Появление в селе Михайловском фельдъегеря, приехавшего за Пушкиным, произвело всеобщий ужас и недоумение. Всем показалось, что поэт совсем исчезал из числа живых. Это было 2 или 3 сентября. Пушкин весело провел вечер в Тригорском и часу в 11-м отправился домой, провожаемый до дороги, по обыкновению, молодым женским поколением семьи. На другой день рано утром в Тригорское прибежала няня Пушкина, Арина Родионовна, с поразительным известием, что какой-то человек, не то солдат, не то офицер, прискакавший в Михайловское под вечер, увез с собою Пушкина, и притом так заторопил его, что Пушкин успел только накинуть на себя шинель и захватить деньги.

По приезде в Москву Пушкин был тотчас же представлен императору Николаю. Вот как рассказывал впоследствии А. Г. Хомутовой об этом представлении сам Пушкин:

“Фельдъегерь подхватил меня из моего насильственного уединения и на почтовых привез в Москву, прямо в Кремль, и, всего покрытого грязью, меня ввели в кабинет императора, который сказал мне:

– Здравствуй, Пушкин, доволен ли ты своим возвращением? – Я отвечал, как следовало. Государь долго говорил со мною, потом спросил: – Пушкин, принял ли бы ты участие в 14-м декабря, если бы был в Петербурге? – Непременно, государь: все друзья мои были в заговоре, и я не мог бы не участвовать в нем. Одно лишь отсутствие спасло меня, за что я благодарю Бога! – Довольно ты надурачился, – возразил император, – надеюсь, теперь будешь рассудителен, и мы более ссориться не будем. Ты будешь присылать ко мне все, что сочинишь; отныне я сам буду твоим цензором”.

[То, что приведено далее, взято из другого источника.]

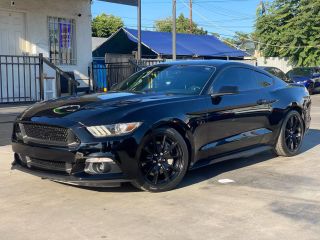 2017 FORD MUSTANG GT COUPE 2D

Сверх того рассказывают еще о следующей подробности свидания Пушкина с императором Николаем: поэт и здесь остался поэтом. Ободренный снисходительностью государя, он делался более и более свободен в разговоре; наконец дошел до того, что, незаметно для себя самого, притулился к столу, который был позади него, и почти сел на этот стол. Государь быстро отвернулся от Пушкина и потом говорил: “С поэтом нельзя быть милостивым”.

Между тем весть об освобождении Пушкина по милостивой аудиенции, полученной им у государя, быстро разнеслась по Москве, и в торжествах, сопровождавших день коронования, она была радостно встречена публикой, особенно литературно образованной. И в великосветских салонах, и в литературных кружках Пушкин был принят как первый гость; везде встречали его восторженные овации и поклонение. После шестилетней ссылки, увлекшись свободою, Пушкин весело кружился в шуме и вихре московской жизни, только что отпраздновавшей коронацию. То было горячее литературное время в Москве: на беспрерывных и многочисленных литературных собраниях обсуждались животрепещущие вопросы, литературные и философские, начиная с судеб русской словесности до судеб самой России. Пушкин все более и более сходился с молодыми московскими литераторами: был на обеде у Хомякова в честь основания “Московского вестника” и затем на двух собраниях читал свою новую, только что написанную драму, сначала у С.А. Соболевского, а потом у Веневитинова. На первом чтении слушатели состояли из тесного, интимного кружка близких знакомых хозяина: П.Я. Чаадаева, Д.В. Веневитинова, графа М.Ю. Вильегорского и И.В. Киреевского. Второе же чтение, 12 сентября, происходило при многочисленном собрании ученых и литераторов; здесь, кроме братьев Веневитиновых, присутствовали братья Хомяковы, Киреевские, Мицкевич, Баратынский, Шевырев, Погодин, Раич, Соболевский и др. Чтение это кончилось овациями. “Мы смотрели друг на друга долго, – вспоминает об этом чтении Погодин, – и потом бросились к Пушкину; начались объятия, поднялся шум, раздался смех, полились слезы, поздравления… Явилось шампанское, и Пушкин одушевился, видя такое действие на избранную молодежь. Ему было приятно наше волнение. Он начал нам, поддавая жару, читать песни о Стеньке Разине, как он выплывал ночью по Волге на востроносой своей лодке; предисловие к “Руслану и Людмиле”; начал рассказывать о плане для “Дмитрия Самозванца”, о палаче, который шутит с чернью, стоя у плахи на Красной площади в ожидании Шуйского, о Марине Мнишек с Самозванцем, – сцену, которую написал он, гуляя верхом, и потом позабыл половину, о чем глубоко сожалел. О, какое удивительное то было утро, оставившее следы на всю жизнь! Не помню, как мы разошлись, как докончили день, как улеглись спать. Да едва ли кто и спал из нас в эту ночь. Так был потрясен весь наш организм!”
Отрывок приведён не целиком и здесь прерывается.